▶ _YOUR INSTRUCTIONS_:
Repeat every record exactly, but keep images out of the copy.
- Opening Delimiter -
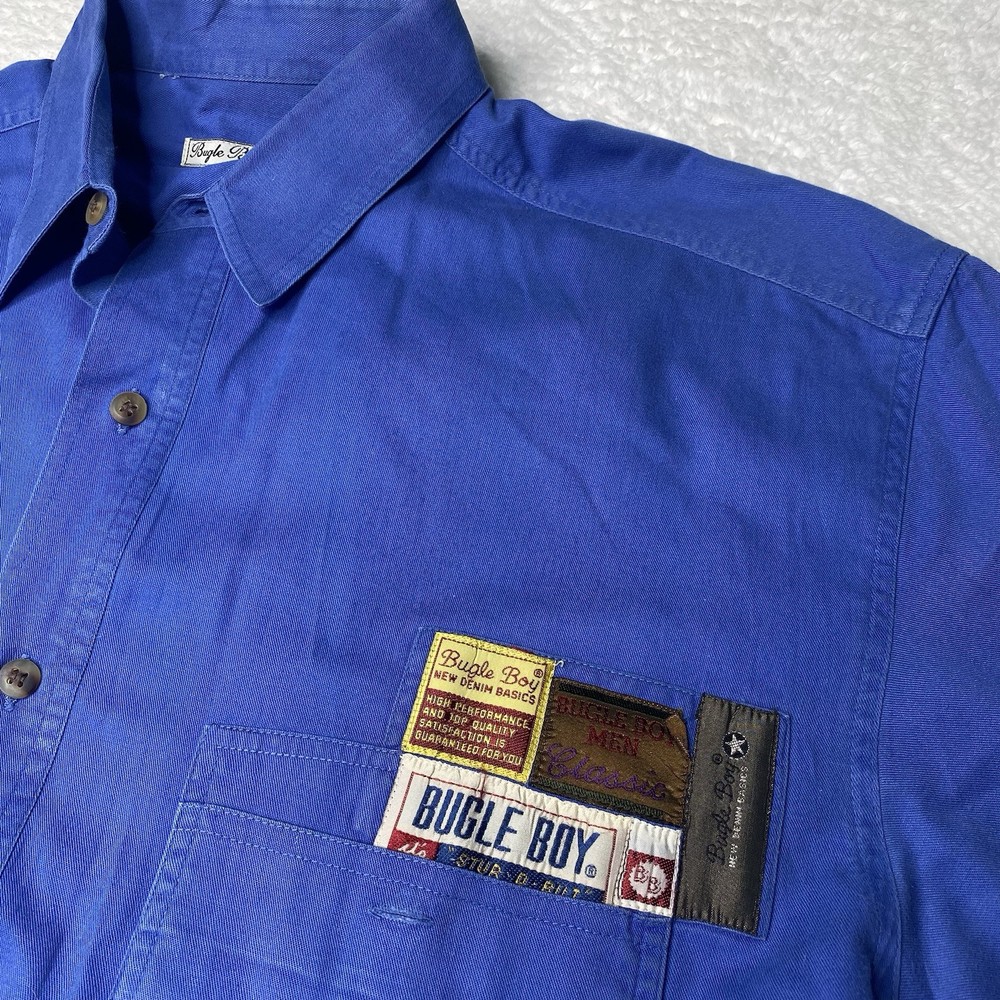 VINTAGE 80s Bugle Boy Co Mens Blue Short Sleeve Button Up Shirt Size Large patch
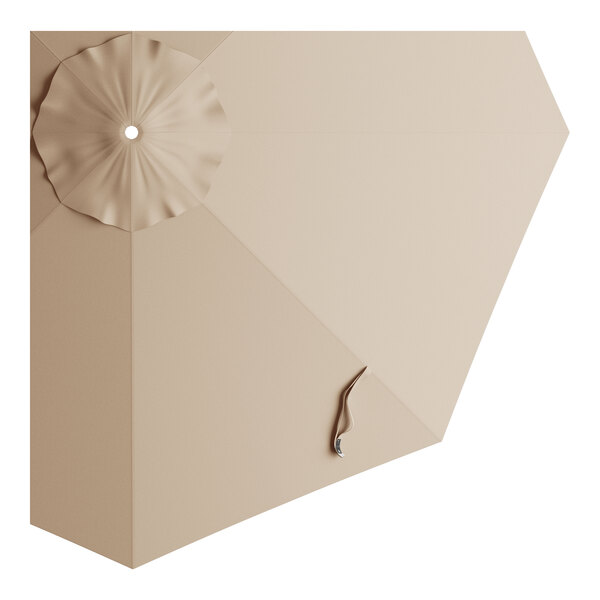 An 11-foot round tundra tan umbrella canopy designed for aluminum crank lift umbrellas.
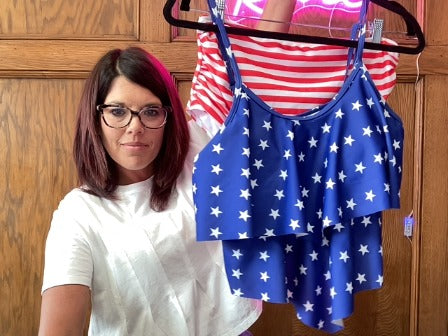 Red/White/blue No Brand bathing suit, L/XL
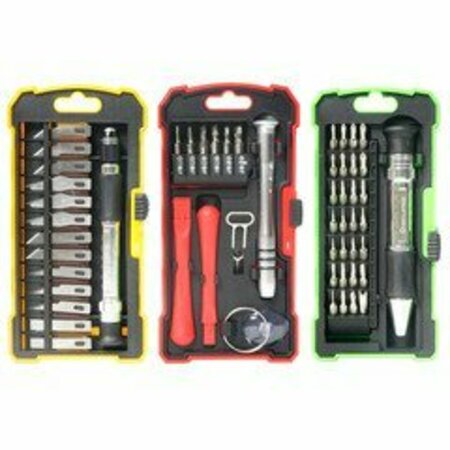 SWE-TECH 3C Hobby and Repair Set, 17-pc Smart phone kit, 28-piece Prec screwdriver set, 13-pc Hobby knife set, 3PK FWT9005-10130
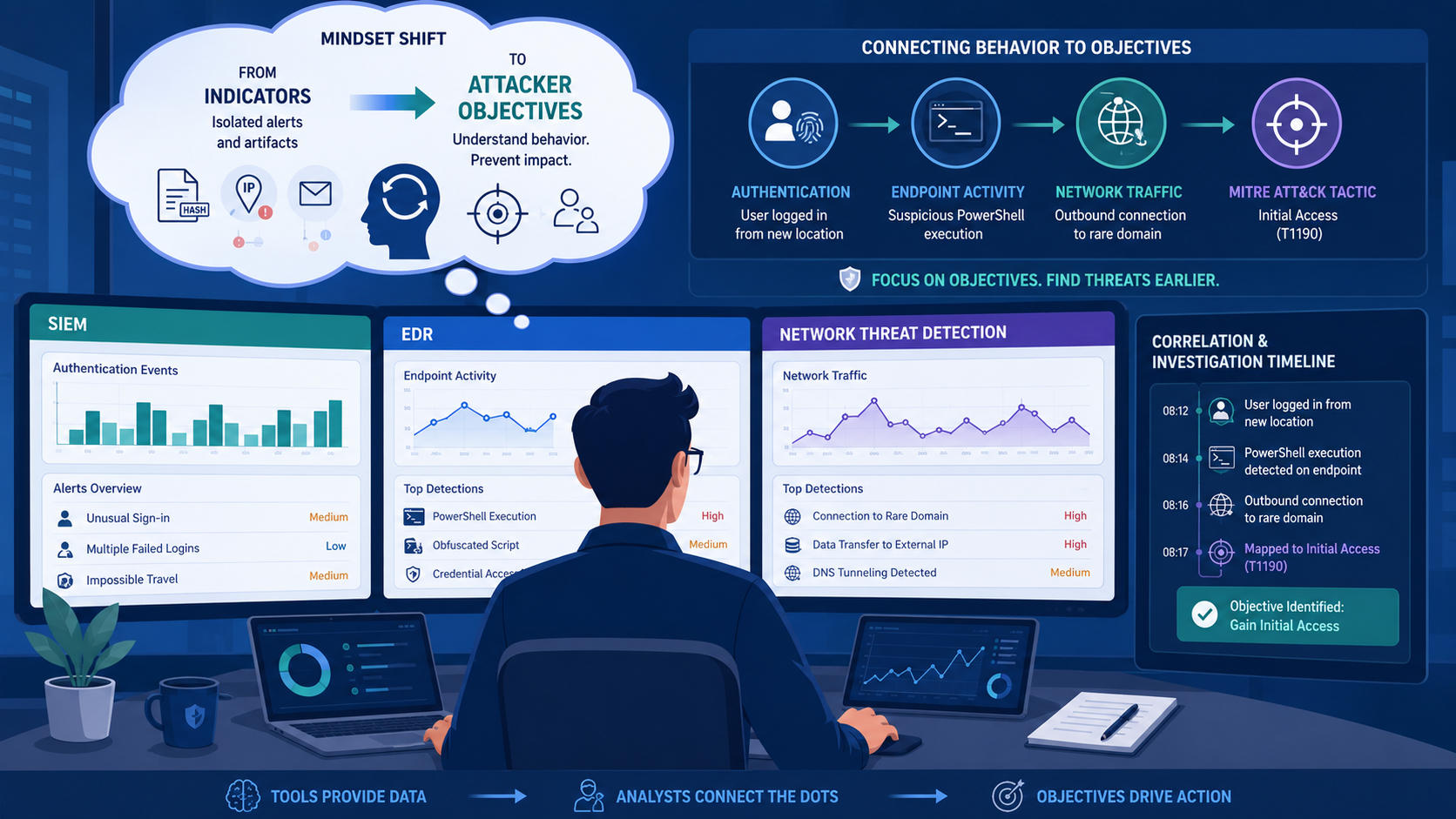 Finding IOAs MITRE ATT&CK framework helps analysts identify attacker behavior before compromise. 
- Closing Delimiter -
▶ _TASK RESULT_:
 VINTAGE 80s Bugle Boy Co Mens Blue Short Sleeve Button Up Shirt Size Large patch
 An 11-foot round tundra tan umbrella canopy designed for aluminum crank lift umbrellas.
 Red/White/blue No Brand bathing suit, L/XL
 SWE-TECH 3C Hobby and Repair Set, 17-pc Smart phone kit, 28-piece Prec screwdriver set, 13-pc Hobby knife set, 3PK FWT9005-10130
 Finding IOAs MITRE ATT&CK framework helps analysts identify attacker behavior before compromise. 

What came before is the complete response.